Returning to the gamers themselves, we find that early Bay Area players of Dungeons & Dragons (1974) were doing much the same thing as their peers across the country — designing their own variants to fill the gaps in that original ruleset and thus creating a somewhat unique style of “California Gaming”. Given the distance from the epicenter of roleplaying, it’s no surprise that California Gaming was more farflung than the variants of the Great Lakes. Steve Perrin collected together many of these early house rules from Bay Area players in The Perrin Conventions (March, 1976), which was published for the first DunDraCon and then made more widely available in All the World’s Monsters II (1977).
That latter book — a primordial monster manual edited by Perrin & Pimper — was published by Chaosium, likely the first hobbyist gaming company of the Bay Area. Owner Greg Stafford founded the company to publish White Bear & Red Moon (1975), a wargame set in his own world of Glorantha. Chaosium didn’t get into the RPG hobby itself until 1977 — with the publication of the World’s Monsters trilogy — nor was Stafford much involved with the roleplaying community at the time. Nonetheless his company was another indicator of the interest in fantasy gaming in the Bay Area at the time. Chaosium is covered extensively in their own history, but they’ll nonetheless return to this history of Grimoire Games and Arduin momentarily.
And that brings us back to another of those early Bay Area gamers, Dave Hargrave. He’d contributed to The Perrin Conventions, but he had many more ideas for how Dungeons & Dragons should be run, and the scope of his variants rules would end up being much, much larger.
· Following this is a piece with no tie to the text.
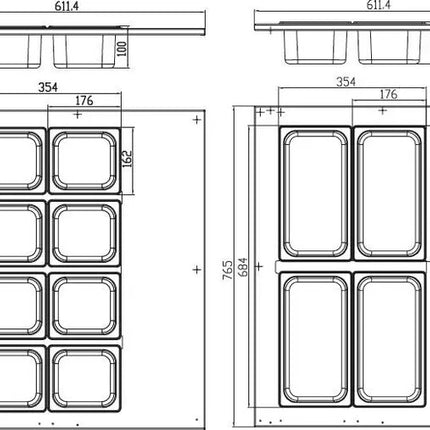 Namizna saladeta - 67L - 8 x 1/6 GN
Dave Hargrave Before Grimoire Games: 1968-1978
Dave Hargrave got into RPGs through a variety of different paths. He first heard of roleplaying in 1968 at the Military Intelligence School at Fort Holabird, Maryland — prior to his work with the Defense Intelligence Agency. Later he played miniatures naval battles and Russell Powell’s Air Aces (1975), a game of miniatures dogfighting. He was also a lifetime member of the International Gamers Association. This organization was founded by Powell in 1974 in the Los Angeles area — which has its own history of early gaming culture, just as the San Francisco Bay Area did. Most notably, Hargrave was playing Chainmail (1971, 1972) by 1973 or 1974 and was corresponding with TSR regarding the game. They told him about their new Dungeons & Dragons (1974) release, and suddenly Hargrave found his interests in roleplaying and gaming combined.
Upon obtaining Dungeons & Dragons, Hargrave began running a weekly campaign that would last for years. It was set on the world of Khaas, once ruled by a reptilian race called the Great Grey Beasts from beyond time — now long-since overthrown. Its focus was on Arduin, a neutral ground between many formerly warring nations and the home of the powerful nexus gates. It was also heavily house ruled, so that within a few years Hargrave’s game system was practically a D&D variant.
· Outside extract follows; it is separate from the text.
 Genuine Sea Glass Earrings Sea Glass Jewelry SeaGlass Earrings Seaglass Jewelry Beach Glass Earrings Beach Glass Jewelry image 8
As with many early RPG campaigns, Hargrave’s Arduin games had numerous players. In later days, after Hargrave moved out of the Bay Area into Northern California, some of them would drive 250 miles just to play. The Arduin game also featured the high mortality and high power level of many primal roleplaying campaigns. Writing in Different Worlds #2 (1979), four or five years after the campaign’s start, Hargrave noted that a jaw-dropping seven hundred player characters had died in his campaign and that “two have become Princes, two have become Dukes, and about eight more have become Barons … One even managed to marry into the ruling Royal family.”
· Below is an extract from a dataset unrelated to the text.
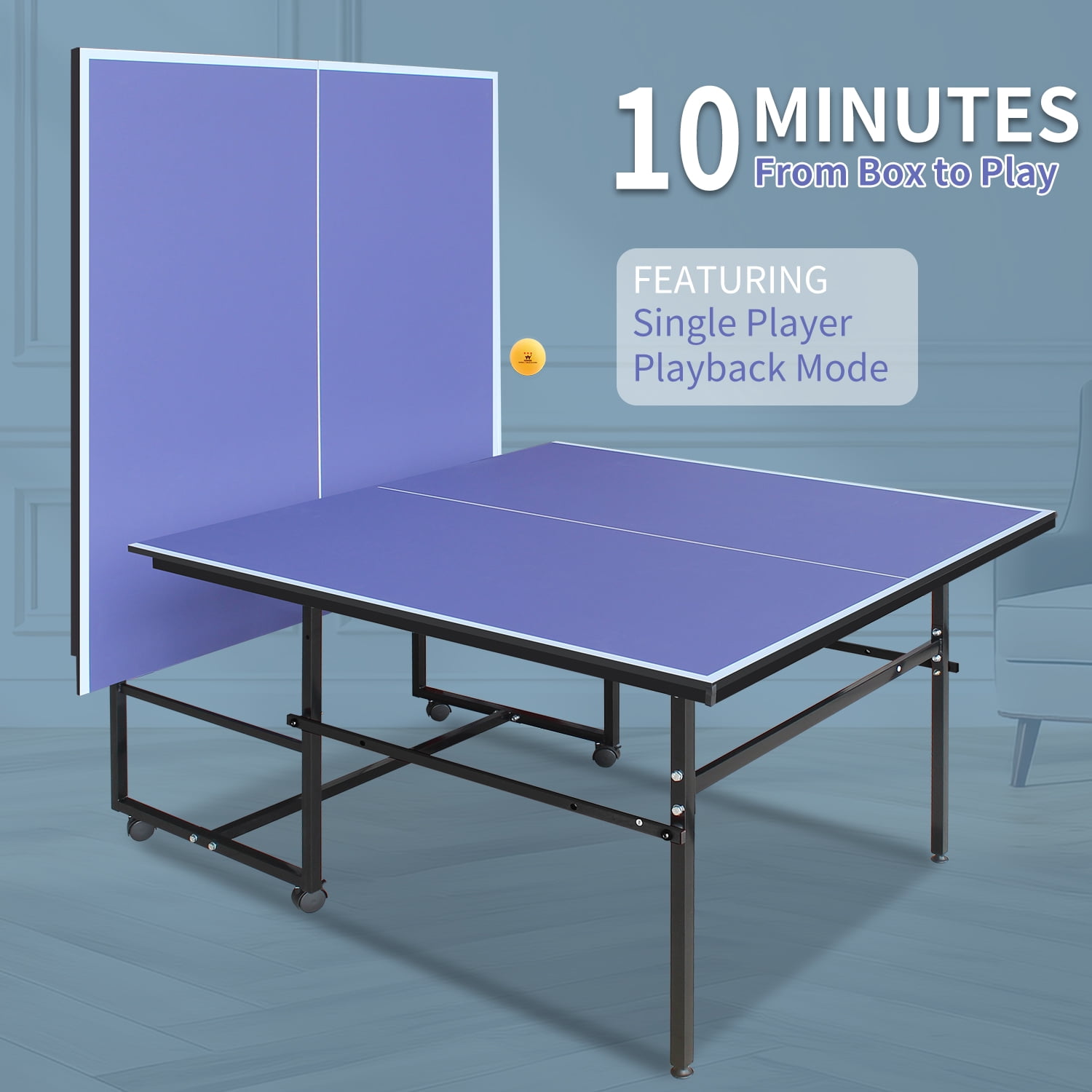 KL KLB Sport 8.5*4. 3ft Foldable Ping Pong Table with Wheels, Table Tennis Table with Net, Paddles & Balls for Indoor, Blue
Now we return to Greg Stafford of Chaosium. Around 1976 neither he nor his company was that involved in the roleplaying community, but then he played in Hargrave’s Arduin game for a bit. Afterward Stafford asked Hargrave about publishing the game system as a book called “The Arduin Grimoire”. The book was soon placed on Chaosium’s schedule for February, 1977 — which would have made it Chaosium’s first roleplaying release. Hargrave and Stafford previewed the game system in Wyrm’s Footnotes #2 (1977) which included Arduin write-ups for some of Glorantha’s main NPCs, from Prince Argrath to Beat-Pot Aelwrin. The stats looked sort of like D&D, but had classes such as “Warrior Priest”, alignments such as “amoral” and “cyclical”, and an “ego” stat.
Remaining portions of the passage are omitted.